Ensemble model training (e.g., logistic regression, random forests, shallow MLPs) on blood-based biomarkers, with bootstrapped aggregation of SHAP importance.
Construction of correlation-weighted graphs, using a threshold $\alpha$ to prune weak links.
Identification of sub-network modules (for example, CA-19-9/Eotaxin-3/AgRP; FASL/Fibrinogen/MIF; THPO/IL‑12p40/TNF‑α), whose interactions differ between AD and control cohorts.

This network approach provides insights into biological pathway interdependencies and supports drug discovery by revealing actionable sub-networks. Such frameworks are directly transferable to BioFINDER-2’s biomarker datasets, enabling population-level, cost-effective screening and advancing systems-level understanding of AD pathogenesis.

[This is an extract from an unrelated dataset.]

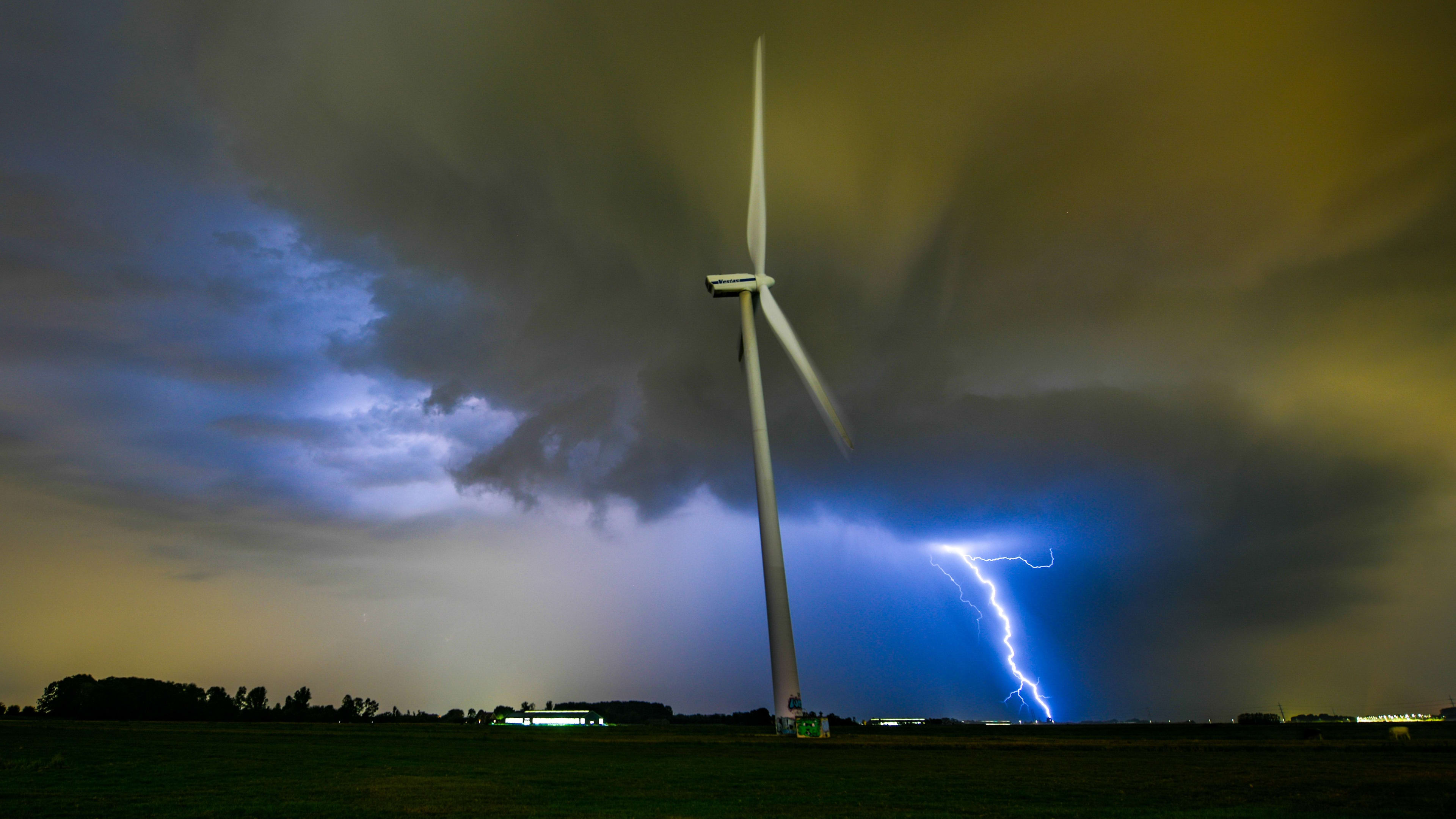 Felle onweersbuien, grote hagelstenen en zware windstoten verwacht: waar en wanneer?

7. Clinical and Translational Implications

The central ambition of BioFINDER-2—to deliver scalable, robust, and mechanistically anchored biomarker tools for AD—is increasingly attainable due to methodological advances in omics, imaging, machine learning, and real-world data analytics. The identification of blood-based panels with demonstrated utility in early diagnosis (AUC improvements when combined with clinical variables), the stratification of cohort participants based on multi-modal risk models, and the implementation of interactive, updatable knowledge infrastructures all serve to accelerate translation into clinical practice.

Implications include:

Earlier, non-invasive detection and monitoring of AD through plasma biomarker panels and network signatures
Improved trial design via predictive enrichment, reducing costs and increasing treatment effect detectability
Personalized medicine approaches grounded in genotype, metabolic pathway, and bio-network distinctions
Scalable risk assessment tools with direct applicability to diverse and disadvantaged populations

A plausible implication is that as the field moves towards comprehensive systems-level analyses, studies such as BioFINDER-2 will form the empirical bedrock for precision prevention and intervention strategies, ultimately transforming the epidemiology and management of Alzheimer’s disease.